Jenni Crain (1991–2021) was an esteemed artist and curator who passed away suddenly due to complications related to Covid-19. She was widely recognized for her original minimalist sculpture and curatorial projects that championed under-recognized women artists as well as for her rigorous scholarship and writing. Crain was a passionate and tireless advocate of artists and art.
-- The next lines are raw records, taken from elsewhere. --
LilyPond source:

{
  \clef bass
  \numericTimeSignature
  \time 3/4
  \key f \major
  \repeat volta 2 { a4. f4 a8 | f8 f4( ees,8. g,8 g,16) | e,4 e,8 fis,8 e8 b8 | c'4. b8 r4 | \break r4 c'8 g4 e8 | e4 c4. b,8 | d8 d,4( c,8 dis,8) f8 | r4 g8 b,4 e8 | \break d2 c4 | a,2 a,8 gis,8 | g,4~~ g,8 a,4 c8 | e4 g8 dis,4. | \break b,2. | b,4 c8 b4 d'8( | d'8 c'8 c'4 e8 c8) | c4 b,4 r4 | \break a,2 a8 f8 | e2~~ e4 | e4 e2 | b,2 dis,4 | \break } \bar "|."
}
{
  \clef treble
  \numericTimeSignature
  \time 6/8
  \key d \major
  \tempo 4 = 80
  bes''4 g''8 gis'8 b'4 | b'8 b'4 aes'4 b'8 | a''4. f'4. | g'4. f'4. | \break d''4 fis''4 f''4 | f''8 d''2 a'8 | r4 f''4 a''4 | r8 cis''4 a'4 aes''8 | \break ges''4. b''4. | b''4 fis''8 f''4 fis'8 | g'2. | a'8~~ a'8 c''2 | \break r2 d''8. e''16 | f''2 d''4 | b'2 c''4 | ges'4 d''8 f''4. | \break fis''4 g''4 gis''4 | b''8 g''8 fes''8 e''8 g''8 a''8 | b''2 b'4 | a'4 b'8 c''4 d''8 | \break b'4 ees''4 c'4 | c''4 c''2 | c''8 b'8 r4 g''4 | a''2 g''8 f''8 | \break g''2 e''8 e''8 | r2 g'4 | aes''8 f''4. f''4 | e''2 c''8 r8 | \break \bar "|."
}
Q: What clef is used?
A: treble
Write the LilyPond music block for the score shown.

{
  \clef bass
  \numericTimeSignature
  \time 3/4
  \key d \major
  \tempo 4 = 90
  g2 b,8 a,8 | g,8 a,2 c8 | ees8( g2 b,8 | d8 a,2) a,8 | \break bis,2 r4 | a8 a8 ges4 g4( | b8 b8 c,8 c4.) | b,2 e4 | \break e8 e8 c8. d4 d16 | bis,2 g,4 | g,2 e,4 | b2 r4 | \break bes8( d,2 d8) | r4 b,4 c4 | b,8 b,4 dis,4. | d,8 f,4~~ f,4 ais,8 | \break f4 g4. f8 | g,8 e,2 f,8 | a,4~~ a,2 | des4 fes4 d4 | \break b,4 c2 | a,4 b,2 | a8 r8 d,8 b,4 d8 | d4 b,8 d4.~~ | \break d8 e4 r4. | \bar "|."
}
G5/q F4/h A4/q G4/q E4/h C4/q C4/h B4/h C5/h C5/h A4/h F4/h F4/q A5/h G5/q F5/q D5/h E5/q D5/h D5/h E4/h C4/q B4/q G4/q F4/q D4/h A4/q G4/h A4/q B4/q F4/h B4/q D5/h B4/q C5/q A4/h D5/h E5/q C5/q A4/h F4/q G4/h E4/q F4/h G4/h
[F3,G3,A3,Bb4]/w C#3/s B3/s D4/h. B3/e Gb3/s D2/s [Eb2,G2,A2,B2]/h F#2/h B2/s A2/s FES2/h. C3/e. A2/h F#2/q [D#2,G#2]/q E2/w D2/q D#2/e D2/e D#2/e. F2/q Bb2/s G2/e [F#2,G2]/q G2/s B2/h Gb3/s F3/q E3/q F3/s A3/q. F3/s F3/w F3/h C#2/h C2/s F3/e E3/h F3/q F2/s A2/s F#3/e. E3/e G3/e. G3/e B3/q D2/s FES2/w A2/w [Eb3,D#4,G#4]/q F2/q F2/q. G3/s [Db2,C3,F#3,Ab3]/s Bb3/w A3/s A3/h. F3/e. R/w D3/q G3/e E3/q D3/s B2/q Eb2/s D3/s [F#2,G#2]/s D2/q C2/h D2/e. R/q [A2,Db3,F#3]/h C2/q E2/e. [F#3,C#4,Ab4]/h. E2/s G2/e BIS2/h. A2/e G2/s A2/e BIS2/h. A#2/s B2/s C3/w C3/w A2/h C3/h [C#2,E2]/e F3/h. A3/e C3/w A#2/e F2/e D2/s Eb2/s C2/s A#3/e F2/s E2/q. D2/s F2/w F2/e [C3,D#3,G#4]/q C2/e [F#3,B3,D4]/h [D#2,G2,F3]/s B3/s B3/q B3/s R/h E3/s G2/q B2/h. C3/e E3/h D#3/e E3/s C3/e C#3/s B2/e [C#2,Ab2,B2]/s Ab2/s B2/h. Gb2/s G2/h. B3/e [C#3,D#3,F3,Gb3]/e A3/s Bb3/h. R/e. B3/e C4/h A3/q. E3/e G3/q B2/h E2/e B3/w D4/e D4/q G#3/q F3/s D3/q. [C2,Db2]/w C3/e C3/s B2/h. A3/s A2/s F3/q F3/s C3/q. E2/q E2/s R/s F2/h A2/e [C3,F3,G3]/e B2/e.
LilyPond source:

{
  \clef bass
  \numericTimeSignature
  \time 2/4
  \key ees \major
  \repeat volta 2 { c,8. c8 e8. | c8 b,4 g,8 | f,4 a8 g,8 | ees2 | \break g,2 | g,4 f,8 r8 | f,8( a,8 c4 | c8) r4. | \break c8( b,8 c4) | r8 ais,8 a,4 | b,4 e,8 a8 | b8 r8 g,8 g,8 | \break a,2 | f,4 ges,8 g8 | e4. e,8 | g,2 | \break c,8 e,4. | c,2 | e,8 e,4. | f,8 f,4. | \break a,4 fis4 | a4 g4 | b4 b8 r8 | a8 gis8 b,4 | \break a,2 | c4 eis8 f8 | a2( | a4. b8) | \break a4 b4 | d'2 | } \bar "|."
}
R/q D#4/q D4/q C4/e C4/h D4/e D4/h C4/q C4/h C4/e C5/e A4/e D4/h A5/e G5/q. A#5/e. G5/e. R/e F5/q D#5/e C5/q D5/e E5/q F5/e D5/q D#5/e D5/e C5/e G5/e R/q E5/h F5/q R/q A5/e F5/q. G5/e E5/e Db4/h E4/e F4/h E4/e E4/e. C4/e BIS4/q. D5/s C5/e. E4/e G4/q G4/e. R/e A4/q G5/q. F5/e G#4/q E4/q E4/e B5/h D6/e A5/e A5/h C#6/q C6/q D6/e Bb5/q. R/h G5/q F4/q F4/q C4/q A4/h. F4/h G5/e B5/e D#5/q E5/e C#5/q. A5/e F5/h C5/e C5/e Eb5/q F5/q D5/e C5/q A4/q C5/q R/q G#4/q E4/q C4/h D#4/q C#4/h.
Throughout her life, she built a vast community of friends, collaborators, and colleagues whose work she drove forward with generosity, sensitivity, and the deep probing intelligence with which she considered the world.
The Foundation preserves her legacy by supporting transformative projects by artists, curators, and writers of any age at early or pivotal stages of their career.
In honor of her memory, The Jenni Crain Foundation provides grants in two areas:
1. Finishing funds toward the completion of a significant project ranging from an exhibition, arts publication, or work of art across disciplines and forms.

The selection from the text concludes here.